Providers face prep work under regulatory changes for SUD confidentiality

Providers of substance use disorder (SUD) services can expect to undergo major housekeeping tasks for their records and forms to comply with new, overhauled regulations for SUD patient record confidentiality.

A top to bottom review and refresh of everything from consent forms to privacy notices and records handling processes will be required — and not just for SUD providers. Their business associates, covered entities, and anyone who receives patient records governed by 42 CFR Part 2 will also be affected. In February, the U.S. Department of Health and Human Services issued a Final Rule updating 42 CFR Part 2 in accordance with the CARES Act.

The Part 2 statute protects “records of the identity, diagnosis, prognosis, or treatment of any patient which are maintained in connection with the performance of any program or activity relating to substance use disorder education, prevention, training, treatment, rehabilitation, or research, which is conducted, regulated, or directly or indirectly assisted by any department or agency of the United States.”

The changes set out in the Final Rule were made to align federal regulations for the confidentiality of SUD patient records with Health Insurance Portability and Accountability Act (HIPAA) regulations for privacy, breach notification, and enforcement.

Don’t delay the prep work

Technically, the enforcement date is still two years away — two years from the date the Final Rule is published to the federal register — but that doesn’t mean providers can wait to get started.

Implementation of all the changes will be a major undertaking for organizations, requiring a commitment of both time and resources.

The Department of Health and Human Resources is expecting technical challenges as well.
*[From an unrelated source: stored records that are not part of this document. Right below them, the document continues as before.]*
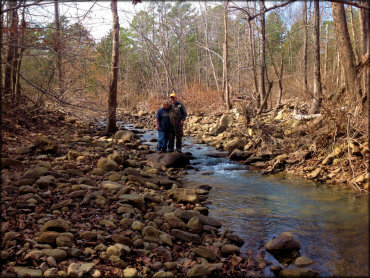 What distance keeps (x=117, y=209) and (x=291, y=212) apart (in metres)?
2.87

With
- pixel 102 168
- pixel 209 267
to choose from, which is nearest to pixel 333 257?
pixel 209 267

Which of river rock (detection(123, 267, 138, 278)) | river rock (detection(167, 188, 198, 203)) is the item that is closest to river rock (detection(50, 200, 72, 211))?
river rock (detection(123, 267, 138, 278))

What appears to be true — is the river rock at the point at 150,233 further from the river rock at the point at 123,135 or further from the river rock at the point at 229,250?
the river rock at the point at 123,135

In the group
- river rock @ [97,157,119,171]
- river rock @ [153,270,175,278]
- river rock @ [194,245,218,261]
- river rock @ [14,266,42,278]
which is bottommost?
river rock @ [194,245,218,261]

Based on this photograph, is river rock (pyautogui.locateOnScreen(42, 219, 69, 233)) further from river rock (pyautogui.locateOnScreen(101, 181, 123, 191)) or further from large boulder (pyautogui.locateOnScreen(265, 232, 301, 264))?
large boulder (pyautogui.locateOnScreen(265, 232, 301, 264))

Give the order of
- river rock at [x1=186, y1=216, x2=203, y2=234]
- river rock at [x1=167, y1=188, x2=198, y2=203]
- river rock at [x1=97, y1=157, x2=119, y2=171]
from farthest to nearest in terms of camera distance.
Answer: river rock at [x1=97, y1=157, x2=119, y2=171] → river rock at [x1=167, y1=188, x2=198, y2=203] → river rock at [x1=186, y1=216, x2=203, y2=234]

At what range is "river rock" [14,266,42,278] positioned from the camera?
9.07 ft

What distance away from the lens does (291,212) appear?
549 centimetres

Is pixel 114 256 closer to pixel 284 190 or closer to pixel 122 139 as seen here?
pixel 284 190

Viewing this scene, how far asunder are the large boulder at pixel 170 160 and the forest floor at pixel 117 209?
0.34 m

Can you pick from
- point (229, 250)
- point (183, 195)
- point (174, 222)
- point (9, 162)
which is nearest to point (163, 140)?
point (183, 195)

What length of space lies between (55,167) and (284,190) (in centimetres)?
463

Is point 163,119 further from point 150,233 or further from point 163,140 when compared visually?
point 150,233

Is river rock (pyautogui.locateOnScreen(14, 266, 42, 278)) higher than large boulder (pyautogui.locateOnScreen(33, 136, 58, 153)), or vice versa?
large boulder (pyautogui.locateOnScreen(33, 136, 58, 153)) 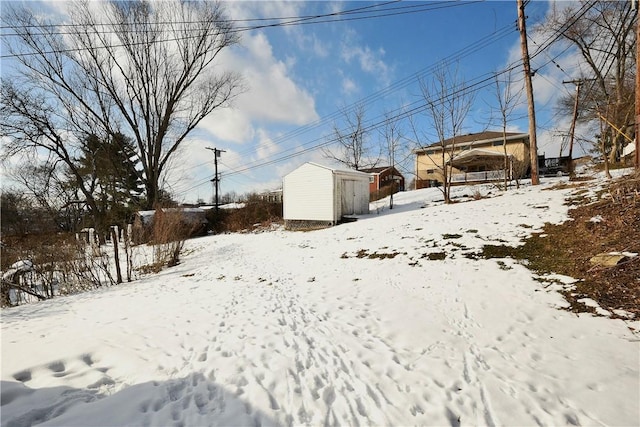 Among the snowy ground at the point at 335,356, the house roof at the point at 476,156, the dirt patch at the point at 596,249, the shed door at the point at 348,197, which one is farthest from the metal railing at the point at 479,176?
the snowy ground at the point at 335,356

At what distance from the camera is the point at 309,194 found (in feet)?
51.6

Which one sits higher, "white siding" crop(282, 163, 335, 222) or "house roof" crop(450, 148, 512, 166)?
"house roof" crop(450, 148, 512, 166)

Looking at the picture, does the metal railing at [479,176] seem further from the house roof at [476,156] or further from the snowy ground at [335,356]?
the snowy ground at [335,356]

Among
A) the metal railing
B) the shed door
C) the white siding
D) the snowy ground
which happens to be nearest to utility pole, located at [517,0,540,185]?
the shed door

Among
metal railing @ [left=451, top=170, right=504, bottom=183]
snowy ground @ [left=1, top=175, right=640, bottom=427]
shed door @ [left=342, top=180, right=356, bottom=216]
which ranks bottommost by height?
snowy ground @ [left=1, top=175, right=640, bottom=427]

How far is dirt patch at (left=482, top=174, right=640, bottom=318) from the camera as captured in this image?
3.68m

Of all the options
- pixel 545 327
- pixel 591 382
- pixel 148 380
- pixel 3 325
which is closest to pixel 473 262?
pixel 545 327

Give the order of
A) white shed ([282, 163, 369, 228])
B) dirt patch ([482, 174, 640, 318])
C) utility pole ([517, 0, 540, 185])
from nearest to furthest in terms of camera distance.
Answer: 1. dirt patch ([482, 174, 640, 318])
2. utility pole ([517, 0, 540, 185])
3. white shed ([282, 163, 369, 228])

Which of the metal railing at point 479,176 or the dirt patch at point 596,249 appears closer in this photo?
the dirt patch at point 596,249

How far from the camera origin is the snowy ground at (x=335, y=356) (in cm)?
221

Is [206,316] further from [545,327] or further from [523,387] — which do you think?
[545,327]

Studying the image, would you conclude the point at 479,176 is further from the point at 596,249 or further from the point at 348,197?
the point at 596,249

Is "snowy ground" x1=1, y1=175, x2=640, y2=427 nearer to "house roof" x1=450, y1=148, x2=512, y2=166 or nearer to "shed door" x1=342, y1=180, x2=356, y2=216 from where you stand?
"shed door" x1=342, y1=180, x2=356, y2=216

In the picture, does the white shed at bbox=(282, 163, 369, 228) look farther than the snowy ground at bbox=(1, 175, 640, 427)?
Yes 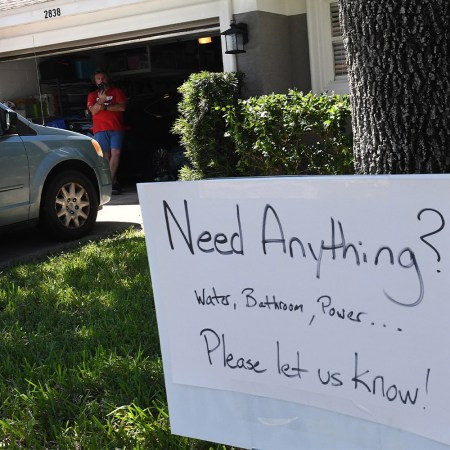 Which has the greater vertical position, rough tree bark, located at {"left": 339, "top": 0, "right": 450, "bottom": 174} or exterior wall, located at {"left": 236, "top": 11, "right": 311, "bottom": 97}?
exterior wall, located at {"left": 236, "top": 11, "right": 311, "bottom": 97}

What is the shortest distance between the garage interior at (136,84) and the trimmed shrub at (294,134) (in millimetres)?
4346

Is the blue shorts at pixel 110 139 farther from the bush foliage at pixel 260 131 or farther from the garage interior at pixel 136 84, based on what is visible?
the bush foliage at pixel 260 131

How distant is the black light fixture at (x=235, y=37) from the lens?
873 centimetres

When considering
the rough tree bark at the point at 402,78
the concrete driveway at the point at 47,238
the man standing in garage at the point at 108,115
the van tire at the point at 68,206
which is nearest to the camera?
the rough tree bark at the point at 402,78

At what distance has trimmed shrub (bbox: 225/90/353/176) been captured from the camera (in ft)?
24.3

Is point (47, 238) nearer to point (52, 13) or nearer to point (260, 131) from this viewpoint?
point (260, 131)

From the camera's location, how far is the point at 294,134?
7602 mm

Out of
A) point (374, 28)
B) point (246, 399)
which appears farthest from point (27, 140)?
point (246, 399)

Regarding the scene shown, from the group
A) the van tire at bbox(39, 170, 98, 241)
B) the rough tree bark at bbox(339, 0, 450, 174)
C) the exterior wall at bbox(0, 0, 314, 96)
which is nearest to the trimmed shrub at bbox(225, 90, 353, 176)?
the exterior wall at bbox(0, 0, 314, 96)

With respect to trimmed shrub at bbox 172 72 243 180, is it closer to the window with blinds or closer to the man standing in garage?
the window with blinds

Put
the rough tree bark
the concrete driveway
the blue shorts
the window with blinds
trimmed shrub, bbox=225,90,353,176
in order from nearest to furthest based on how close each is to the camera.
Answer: the rough tree bark
the concrete driveway
trimmed shrub, bbox=225,90,353,176
the window with blinds
the blue shorts

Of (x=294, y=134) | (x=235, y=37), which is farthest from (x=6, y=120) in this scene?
(x=235, y=37)

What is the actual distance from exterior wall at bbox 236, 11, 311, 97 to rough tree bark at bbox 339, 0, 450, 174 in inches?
229

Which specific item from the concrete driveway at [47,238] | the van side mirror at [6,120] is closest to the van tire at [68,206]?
the concrete driveway at [47,238] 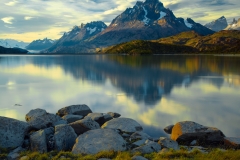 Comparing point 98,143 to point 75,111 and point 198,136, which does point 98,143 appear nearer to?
point 198,136

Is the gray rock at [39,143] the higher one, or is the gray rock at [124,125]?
the gray rock at [39,143]

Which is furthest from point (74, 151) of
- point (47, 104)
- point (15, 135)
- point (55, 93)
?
point (55, 93)

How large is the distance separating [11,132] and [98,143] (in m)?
6.86

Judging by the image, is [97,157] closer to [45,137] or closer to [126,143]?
→ [126,143]

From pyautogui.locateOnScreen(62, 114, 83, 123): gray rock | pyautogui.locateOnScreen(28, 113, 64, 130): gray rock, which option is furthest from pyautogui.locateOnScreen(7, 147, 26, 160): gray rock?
pyautogui.locateOnScreen(62, 114, 83, 123): gray rock

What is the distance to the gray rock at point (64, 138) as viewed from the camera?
16.9m

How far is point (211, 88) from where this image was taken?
46469mm

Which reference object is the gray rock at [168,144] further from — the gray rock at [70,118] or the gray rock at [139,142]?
the gray rock at [70,118]

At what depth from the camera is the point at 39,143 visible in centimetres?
1638

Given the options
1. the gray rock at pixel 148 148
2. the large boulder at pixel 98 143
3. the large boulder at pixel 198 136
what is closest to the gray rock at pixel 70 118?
the large boulder at pixel 98 143

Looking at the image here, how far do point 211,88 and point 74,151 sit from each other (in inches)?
1464

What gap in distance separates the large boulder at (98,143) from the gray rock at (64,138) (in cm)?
105

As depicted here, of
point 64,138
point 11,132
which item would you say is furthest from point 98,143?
point 11,132

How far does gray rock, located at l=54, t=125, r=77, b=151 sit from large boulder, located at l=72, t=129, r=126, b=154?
3.45 feet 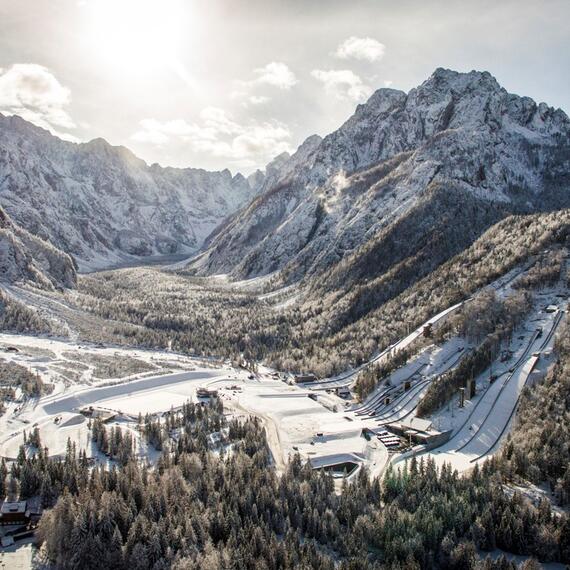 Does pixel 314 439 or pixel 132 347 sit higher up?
pixel 132 347

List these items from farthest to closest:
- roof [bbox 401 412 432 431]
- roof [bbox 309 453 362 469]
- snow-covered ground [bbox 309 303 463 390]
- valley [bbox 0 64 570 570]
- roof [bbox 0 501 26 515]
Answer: snow-covered ground [bbox 309 303 463 390] < roof [bbox 401 412 432 431] < roof [bbox 309 453 362 469] < roof [bbox 0 501 26 515] < valley [bbox 0 64 570 570]

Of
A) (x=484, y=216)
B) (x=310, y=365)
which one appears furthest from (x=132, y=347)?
(x=484, y=216)

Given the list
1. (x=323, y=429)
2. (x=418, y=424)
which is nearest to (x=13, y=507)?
(x=323, y=429)

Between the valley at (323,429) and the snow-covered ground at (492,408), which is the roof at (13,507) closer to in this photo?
the valley at (323,429)

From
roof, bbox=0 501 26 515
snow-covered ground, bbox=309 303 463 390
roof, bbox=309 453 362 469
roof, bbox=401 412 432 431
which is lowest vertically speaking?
roof, bbox=0 501 26 515

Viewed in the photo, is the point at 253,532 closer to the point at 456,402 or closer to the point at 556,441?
the point at 556,441

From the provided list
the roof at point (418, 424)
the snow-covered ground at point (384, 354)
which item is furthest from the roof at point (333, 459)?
the snow-covered ground at point (384, 354)

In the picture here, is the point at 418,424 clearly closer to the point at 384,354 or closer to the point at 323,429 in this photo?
the point at 323,429

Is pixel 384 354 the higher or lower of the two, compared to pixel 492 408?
higher

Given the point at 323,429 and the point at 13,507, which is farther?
the point at 323,429

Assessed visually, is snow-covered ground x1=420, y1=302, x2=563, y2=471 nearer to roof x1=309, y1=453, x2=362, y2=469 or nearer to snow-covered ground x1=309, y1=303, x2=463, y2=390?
roof x1=309, y1=453, x2=362, y2=469

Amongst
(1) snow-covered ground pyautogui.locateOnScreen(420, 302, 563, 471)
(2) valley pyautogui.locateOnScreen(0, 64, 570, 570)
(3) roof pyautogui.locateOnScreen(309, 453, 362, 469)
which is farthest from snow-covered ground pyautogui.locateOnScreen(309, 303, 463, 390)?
(3) roof pyautogui.locateOnScreen(309, 453, 362, 469) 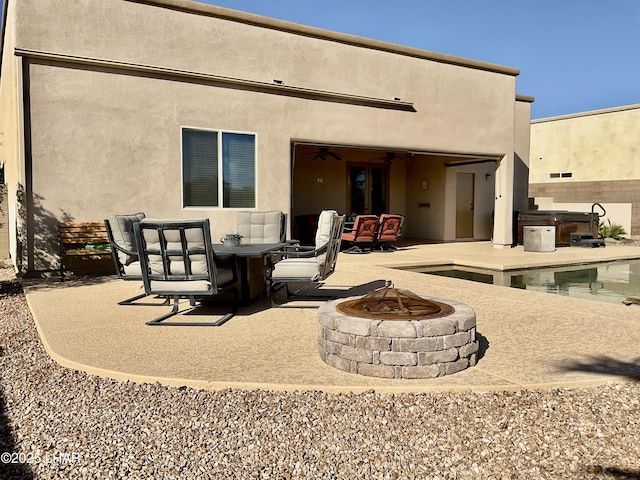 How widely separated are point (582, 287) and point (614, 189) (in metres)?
13.5

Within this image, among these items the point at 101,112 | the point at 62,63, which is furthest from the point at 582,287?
the point at 62,63

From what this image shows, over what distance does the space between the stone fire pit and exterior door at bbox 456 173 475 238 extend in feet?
41.2

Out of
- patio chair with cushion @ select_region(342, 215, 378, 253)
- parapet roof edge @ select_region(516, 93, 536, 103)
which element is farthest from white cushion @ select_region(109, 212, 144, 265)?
parapet roof edge @ select_region(516, 93, 536, 103)

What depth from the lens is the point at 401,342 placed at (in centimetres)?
340

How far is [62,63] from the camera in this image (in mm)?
7961

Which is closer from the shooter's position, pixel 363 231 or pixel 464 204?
pixel 363 231

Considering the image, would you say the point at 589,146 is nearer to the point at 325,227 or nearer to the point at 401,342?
the point at 325,227

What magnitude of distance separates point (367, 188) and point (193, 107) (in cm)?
782

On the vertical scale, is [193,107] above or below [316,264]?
above

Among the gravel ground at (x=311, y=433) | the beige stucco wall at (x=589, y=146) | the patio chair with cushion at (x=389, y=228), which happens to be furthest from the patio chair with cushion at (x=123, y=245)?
the beige stucco wall at (x=589, y=146)

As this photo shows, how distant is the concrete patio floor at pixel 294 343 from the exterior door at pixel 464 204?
8.95 meters

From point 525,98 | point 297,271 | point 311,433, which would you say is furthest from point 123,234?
point 525,98

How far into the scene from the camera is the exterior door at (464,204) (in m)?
15.7

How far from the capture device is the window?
9.06 m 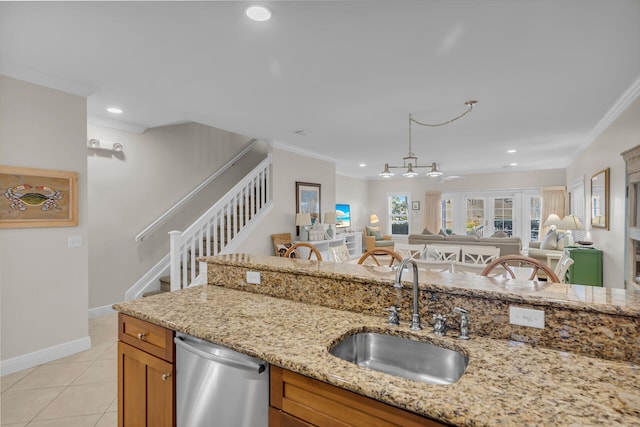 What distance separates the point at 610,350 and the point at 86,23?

It has established a five-page Fact Sheet detailing information about the regulatory changes and has promised to provide additional guidance.

SimiTree’s certified healthcare compliance experts have been gearing up to help providers with everything from reviewing and revising forms and policies to implementing the process changes that may be required.

Whether your organization works with us to implement these changes or does it yourself, we’re recommending providers get started sooner rather than later on the daunting task ahead.

Where to start with 42 CFR Part 2 changes?

As is the case more often than not with regulatory and compliance matters, there’s no one-size-fits-all set of regulations for behavioral health providers to follow. State and federal statutes must be observed, and the Final Rule overhauling 42 CFR Part 2 does not supersede existing state regulations.

This means the best starting point for implementing the 42 CFR Part 2 regulatory changes is to check your state regulations to learn whether there are additional, more stringent regulations that must also be met.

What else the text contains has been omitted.